§ **What is required**: Scan the records below for the line with "Usata Jeep Compass" and the line with "Los nuevos drones". Repeat those two lines and every line between them exactly, and nothing else.

::: Excerpted records :::

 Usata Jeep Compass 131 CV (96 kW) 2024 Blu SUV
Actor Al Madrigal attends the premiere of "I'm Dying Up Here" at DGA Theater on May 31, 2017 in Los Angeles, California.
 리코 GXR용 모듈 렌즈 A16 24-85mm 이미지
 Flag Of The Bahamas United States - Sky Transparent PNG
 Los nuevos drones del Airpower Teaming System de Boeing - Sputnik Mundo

:::
::: Excerpted records :::

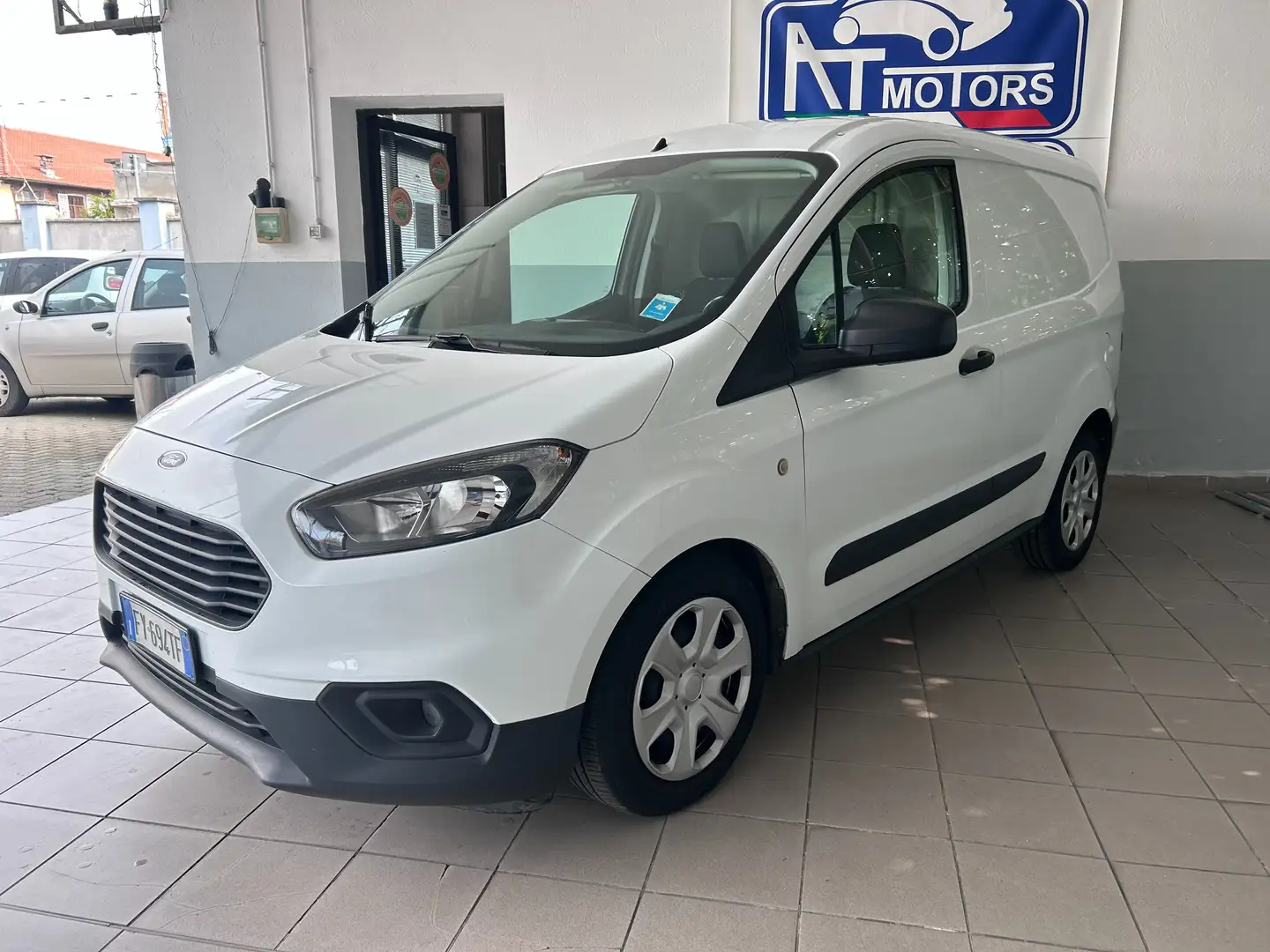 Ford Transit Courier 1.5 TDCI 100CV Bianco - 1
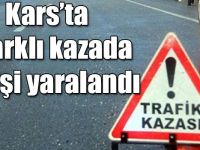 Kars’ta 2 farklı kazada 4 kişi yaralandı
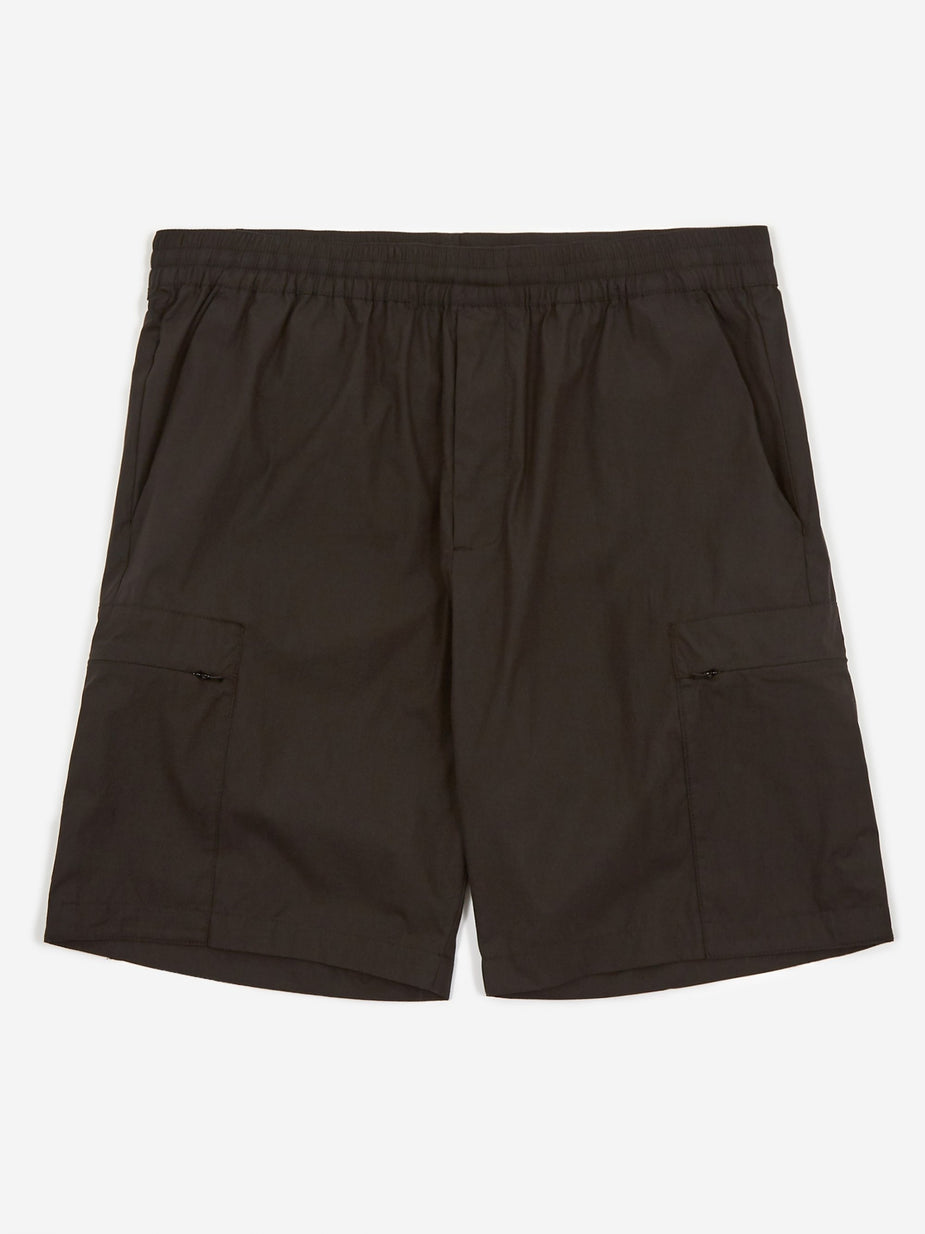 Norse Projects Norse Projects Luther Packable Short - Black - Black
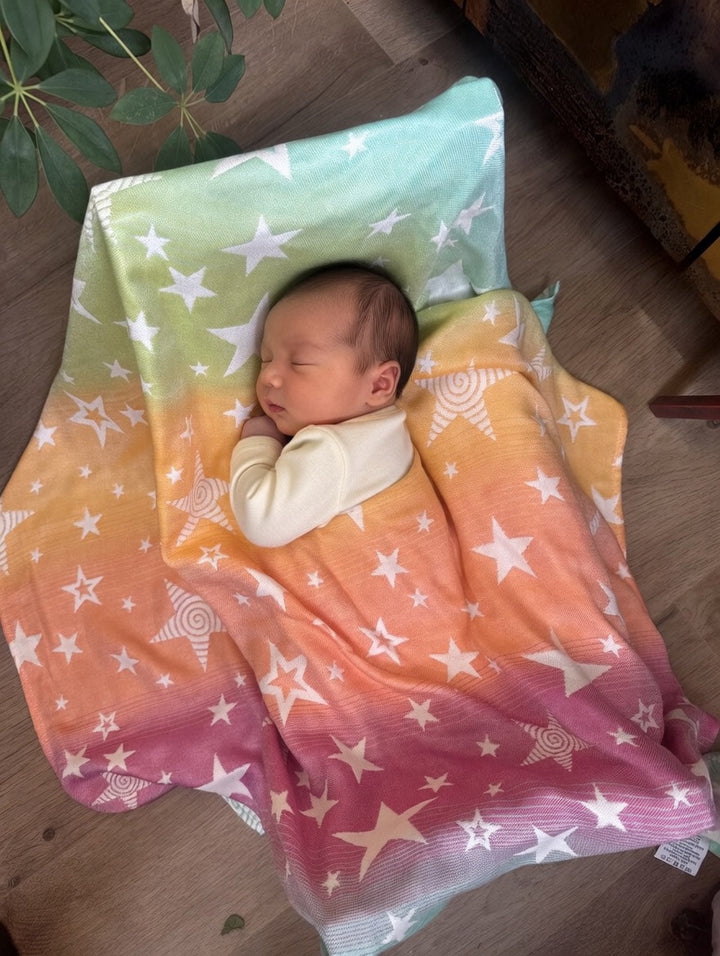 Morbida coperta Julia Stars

:::
::: Excerpted records :::

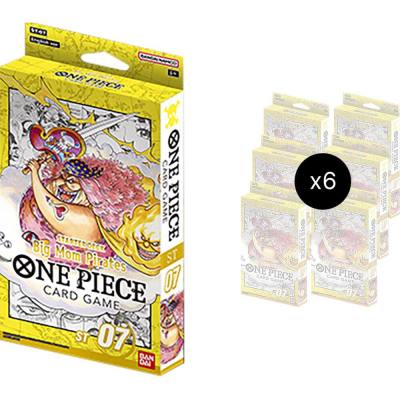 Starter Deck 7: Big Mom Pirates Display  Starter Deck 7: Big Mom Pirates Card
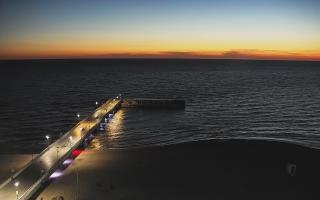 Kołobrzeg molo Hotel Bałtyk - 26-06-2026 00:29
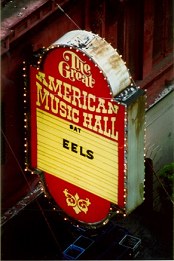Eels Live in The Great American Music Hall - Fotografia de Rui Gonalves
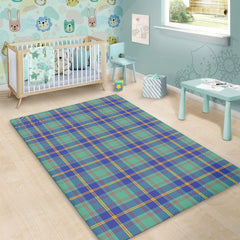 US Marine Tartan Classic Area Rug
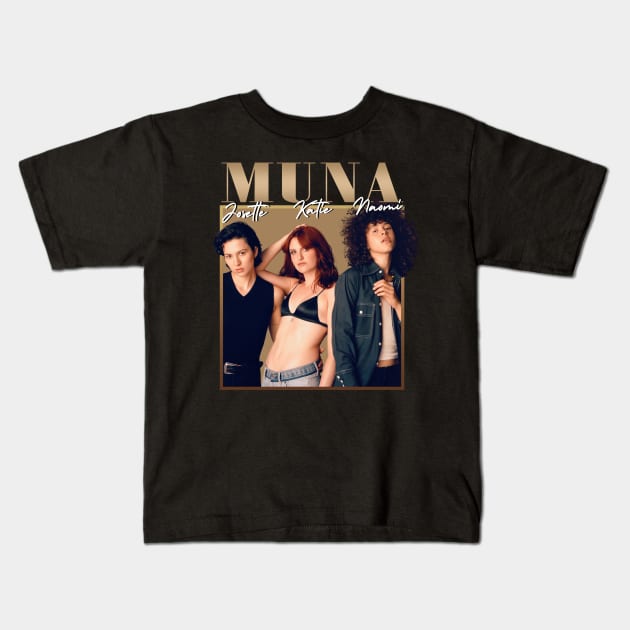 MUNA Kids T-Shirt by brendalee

:::

§ **Solution for this exercise**:
 Usata Jeep Compass 131 CV (96 kW) 2024 Blu SUV
Actor Al Madrigal attends the premiere of "I'm Dying Up Here" at DGA Theater on May 31, 2017 in Los Angeles, California.
 리코 GXR용 모듈 렌즈 A16 24-85mm 이미지
 Flag Of The Bahamas United States - Sky Transparent PNG
 Los nuevos drones del Airpower Teaming System de Boeing - Sputnik Mundo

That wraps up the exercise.